#### [TASK STATEMENT]
Only the lines below, from the one with "Image 36 of" through the one with "تی شرت بچگانه", are to be written out, exactly.

#### [EXERCISE DATA]

==*==

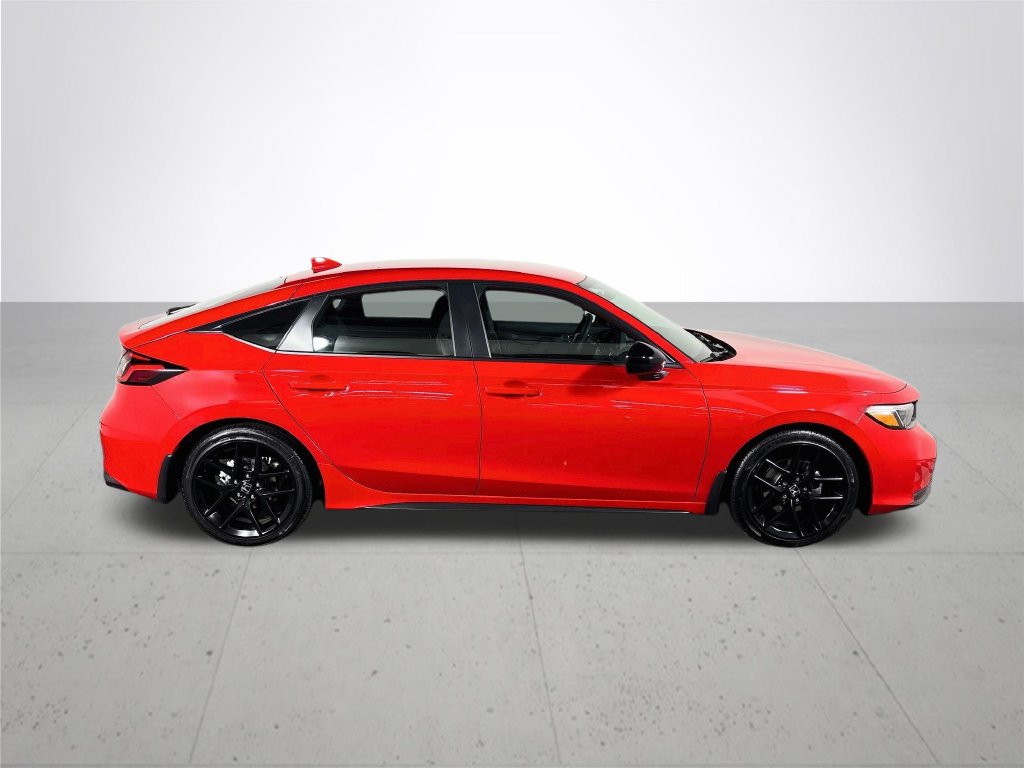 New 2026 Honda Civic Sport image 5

==*==

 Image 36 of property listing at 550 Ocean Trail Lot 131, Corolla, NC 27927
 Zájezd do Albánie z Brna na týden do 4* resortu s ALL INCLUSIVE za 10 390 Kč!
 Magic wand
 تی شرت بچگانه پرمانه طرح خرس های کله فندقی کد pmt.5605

==*==

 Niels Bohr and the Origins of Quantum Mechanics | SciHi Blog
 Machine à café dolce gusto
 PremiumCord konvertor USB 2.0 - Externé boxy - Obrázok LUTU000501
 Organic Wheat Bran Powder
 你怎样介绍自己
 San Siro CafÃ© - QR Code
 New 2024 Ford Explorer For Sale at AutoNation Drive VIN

==*==

#### [ANSWER SPACE]
 Image 36 of property listing at 550 Ocean Trail Lot 131, Corolla, NC 27927
 Zájezd do Albánie z Brna na týden do 4* resortu s ALL INCLUSIVE za 10 390 Kč!
 Magic wand
 تی شرت بچگانه پرمانه طرح خرس های کله فندقی کد pmt.5605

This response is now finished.